The following circuit is commonly called a quadrature oscillator or a sine - cosine oscillator and may be built using almost any op-amp with reasonably high output current. An LM358 actually worked in this circuit, but only barely! A better choice would be an LM833 or any one of many higher current op-amps.

The two transistors generate Vcc/2 so that the current in the windings will reverse when the op-amps go high and low. They are not needed if a dual polarity power supply is used. Simply ground the windings that go to the emitters. A motor rated at 16.8 volts and 280 mA consumed only 30mA in the above circuit when unloaded. Try whatever stepper motor is available and adjust the power supply voltage for proper operation. Don't expect to get much torque from this circuit! For more drive capability connect two transistors to the op-amp outputs in the same manner as the Vcc/2 circuit above. Leave out the resistors and simply connect the two bases to the op-amp output. The two emitters connect together and to the motor winding.

The above circuit is all that is needed for many applications but the following circuit has a bit more flexibility.

In this circuit the 74HC74 directly drives the stepper motor for low power applications. The two flip-flops are alternately clocked to give the desired "follow-the-leader" pulse train. The 16.8 volt motor (1.8 degree step size) described above draws only 20 mA in this circuit and a tiny 15 degree step size, 12 volt motor only draws 30 mA. The unused inverters are wired to form a slow pulse generator which may be used to randomly change the direction of rotation. Actually, the change of direction will often synchronize with the spin oscillator giving a back-and-forth action unless the oscillator frequency is just right. This change of direction will add interest to moving displays.

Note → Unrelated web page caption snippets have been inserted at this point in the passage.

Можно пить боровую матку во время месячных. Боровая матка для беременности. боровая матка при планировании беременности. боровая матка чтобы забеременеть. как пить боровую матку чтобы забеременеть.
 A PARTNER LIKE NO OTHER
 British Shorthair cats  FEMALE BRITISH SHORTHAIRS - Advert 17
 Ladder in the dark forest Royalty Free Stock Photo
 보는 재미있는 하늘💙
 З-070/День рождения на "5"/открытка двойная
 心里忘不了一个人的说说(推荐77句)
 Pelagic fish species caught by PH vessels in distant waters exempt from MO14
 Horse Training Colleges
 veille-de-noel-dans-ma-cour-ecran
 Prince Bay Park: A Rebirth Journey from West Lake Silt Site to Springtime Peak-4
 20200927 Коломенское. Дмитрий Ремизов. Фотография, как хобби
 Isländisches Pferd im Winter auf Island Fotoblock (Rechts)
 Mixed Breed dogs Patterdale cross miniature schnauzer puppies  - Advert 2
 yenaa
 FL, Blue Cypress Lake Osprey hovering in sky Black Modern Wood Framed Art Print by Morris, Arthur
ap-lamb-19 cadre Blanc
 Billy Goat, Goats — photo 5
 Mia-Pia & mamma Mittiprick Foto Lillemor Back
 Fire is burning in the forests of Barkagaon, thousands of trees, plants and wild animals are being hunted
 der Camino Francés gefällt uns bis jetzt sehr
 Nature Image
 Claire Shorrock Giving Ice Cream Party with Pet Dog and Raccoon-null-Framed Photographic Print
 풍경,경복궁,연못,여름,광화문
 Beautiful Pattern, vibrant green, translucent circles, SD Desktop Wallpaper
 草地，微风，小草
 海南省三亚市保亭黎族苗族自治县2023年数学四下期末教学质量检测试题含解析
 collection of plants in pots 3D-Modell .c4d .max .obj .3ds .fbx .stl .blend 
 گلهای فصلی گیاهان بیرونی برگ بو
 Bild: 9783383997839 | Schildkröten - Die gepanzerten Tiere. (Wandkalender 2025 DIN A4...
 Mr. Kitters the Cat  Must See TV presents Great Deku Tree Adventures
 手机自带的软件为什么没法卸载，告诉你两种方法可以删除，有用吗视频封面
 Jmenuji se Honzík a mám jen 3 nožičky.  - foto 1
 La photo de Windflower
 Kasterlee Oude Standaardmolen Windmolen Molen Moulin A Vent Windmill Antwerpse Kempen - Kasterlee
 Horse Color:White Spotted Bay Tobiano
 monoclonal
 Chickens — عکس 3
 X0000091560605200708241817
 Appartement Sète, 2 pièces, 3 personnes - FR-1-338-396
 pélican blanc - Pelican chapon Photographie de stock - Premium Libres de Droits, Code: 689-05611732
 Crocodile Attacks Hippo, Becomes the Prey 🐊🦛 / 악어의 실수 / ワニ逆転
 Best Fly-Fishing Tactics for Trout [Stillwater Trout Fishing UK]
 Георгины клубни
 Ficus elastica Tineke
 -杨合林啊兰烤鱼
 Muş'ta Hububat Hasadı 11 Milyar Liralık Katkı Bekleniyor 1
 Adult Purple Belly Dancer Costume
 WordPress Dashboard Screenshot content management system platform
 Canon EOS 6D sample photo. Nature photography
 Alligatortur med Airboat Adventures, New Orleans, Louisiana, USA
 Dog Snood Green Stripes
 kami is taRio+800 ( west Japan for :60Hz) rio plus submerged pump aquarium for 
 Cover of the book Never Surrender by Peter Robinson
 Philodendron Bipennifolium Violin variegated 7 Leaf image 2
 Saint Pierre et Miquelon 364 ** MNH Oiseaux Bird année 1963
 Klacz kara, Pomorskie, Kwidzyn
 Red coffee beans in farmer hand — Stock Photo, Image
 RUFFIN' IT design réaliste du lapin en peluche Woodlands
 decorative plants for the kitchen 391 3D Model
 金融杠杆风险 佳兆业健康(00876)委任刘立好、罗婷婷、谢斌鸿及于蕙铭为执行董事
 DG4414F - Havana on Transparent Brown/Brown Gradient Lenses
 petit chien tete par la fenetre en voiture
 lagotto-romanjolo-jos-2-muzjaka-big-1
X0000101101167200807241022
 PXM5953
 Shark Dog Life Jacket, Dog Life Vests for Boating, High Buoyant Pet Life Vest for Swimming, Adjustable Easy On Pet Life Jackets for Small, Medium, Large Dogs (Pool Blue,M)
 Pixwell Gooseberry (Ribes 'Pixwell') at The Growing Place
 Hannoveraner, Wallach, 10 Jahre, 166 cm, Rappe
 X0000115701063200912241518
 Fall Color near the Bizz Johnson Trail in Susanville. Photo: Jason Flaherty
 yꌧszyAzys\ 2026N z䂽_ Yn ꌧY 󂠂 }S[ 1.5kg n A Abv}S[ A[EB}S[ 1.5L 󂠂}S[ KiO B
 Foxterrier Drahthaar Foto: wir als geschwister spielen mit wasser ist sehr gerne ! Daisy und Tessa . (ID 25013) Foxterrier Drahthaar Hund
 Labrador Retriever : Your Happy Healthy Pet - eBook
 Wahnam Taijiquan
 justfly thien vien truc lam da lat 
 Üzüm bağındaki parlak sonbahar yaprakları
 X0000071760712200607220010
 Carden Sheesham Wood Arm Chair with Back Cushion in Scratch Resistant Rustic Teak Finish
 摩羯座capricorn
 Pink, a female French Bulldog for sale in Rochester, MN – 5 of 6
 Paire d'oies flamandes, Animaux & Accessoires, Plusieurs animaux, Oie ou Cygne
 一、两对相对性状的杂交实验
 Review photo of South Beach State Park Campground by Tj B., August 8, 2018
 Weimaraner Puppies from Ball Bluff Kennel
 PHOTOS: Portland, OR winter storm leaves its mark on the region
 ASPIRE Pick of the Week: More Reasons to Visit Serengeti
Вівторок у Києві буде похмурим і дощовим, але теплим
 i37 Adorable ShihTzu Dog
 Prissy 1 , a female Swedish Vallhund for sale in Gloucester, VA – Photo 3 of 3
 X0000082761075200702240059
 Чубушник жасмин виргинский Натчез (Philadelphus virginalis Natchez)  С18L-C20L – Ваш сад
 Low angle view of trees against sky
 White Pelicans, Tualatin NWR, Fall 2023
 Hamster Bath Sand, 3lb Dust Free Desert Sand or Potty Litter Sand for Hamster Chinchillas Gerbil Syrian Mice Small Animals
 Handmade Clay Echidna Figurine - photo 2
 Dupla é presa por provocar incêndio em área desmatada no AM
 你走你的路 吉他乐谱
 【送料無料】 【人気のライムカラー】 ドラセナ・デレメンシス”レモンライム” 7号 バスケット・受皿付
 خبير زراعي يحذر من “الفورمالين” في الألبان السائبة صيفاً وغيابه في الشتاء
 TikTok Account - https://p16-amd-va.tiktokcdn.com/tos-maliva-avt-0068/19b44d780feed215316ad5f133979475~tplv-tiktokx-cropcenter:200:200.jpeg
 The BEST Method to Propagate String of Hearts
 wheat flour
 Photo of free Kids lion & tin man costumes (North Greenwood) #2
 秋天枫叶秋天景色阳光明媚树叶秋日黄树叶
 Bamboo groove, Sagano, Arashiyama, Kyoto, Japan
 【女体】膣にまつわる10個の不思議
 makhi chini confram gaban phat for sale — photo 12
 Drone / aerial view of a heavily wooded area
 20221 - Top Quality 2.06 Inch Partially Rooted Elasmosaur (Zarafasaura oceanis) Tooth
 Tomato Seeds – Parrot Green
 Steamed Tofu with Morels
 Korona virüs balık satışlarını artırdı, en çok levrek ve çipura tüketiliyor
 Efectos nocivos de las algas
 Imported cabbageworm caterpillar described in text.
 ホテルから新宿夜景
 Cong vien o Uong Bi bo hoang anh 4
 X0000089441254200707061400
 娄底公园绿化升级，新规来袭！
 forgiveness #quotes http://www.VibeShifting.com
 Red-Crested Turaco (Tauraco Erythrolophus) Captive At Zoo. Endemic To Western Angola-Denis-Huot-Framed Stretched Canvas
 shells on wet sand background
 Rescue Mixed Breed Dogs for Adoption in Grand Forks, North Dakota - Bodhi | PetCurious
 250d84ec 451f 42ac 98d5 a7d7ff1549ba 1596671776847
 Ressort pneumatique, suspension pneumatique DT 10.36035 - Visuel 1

The circuit generates four control signals and adding circuitry for high power operation is fairly easy. If a center-tapped motor is used then the following connection will work:

You will need one of these circuits for each motor winding. If the motor doesn't have a center-tap then try the circuit below. The values are only representative and may vary depending upon the motor and transistor gain. No provisions are shown to protect against inductive kickback but small motors don't seem to generate much. However, some care may be required if larger motors and higher currents are used. Consider adding diodes from each motor winding to Vcc (the cathode goes to Vcc). Also, the 2N440Xs are only good for a few hundred milliamps so choose heftier transistors and use lower value resistors if higher motor currents are expected.

The flip-flop shown is an HC device and its power supply should be limited to 5 or 6 volts but the flip-flop could be a 4000 series device if driver transistors are added. The 4000 series devices cannot supply much current but they will run on +15 volts. Increase the resistors to 10k and use darlington transistors (or mosfets such as the VN10KM) in place of the NPNs shown.

 Here is a note sent in by Garin : I appreciate your experimenters internet home site for new electronics nuts.  A good source of a ready made "robot" stepper motor system is an old dot matrix computer printer.  Not only does it contain several motors, but it also has in it the electronics to drive them which can be interfaced to your control computer via the parallel port. Old manuals list control codes which can be translated into your application much faster and cheaper than designing your own system. In fact with the advent of color inkjet printers, many old dot matrix PC computer printer can be had for free. Hopefully this note will be of help.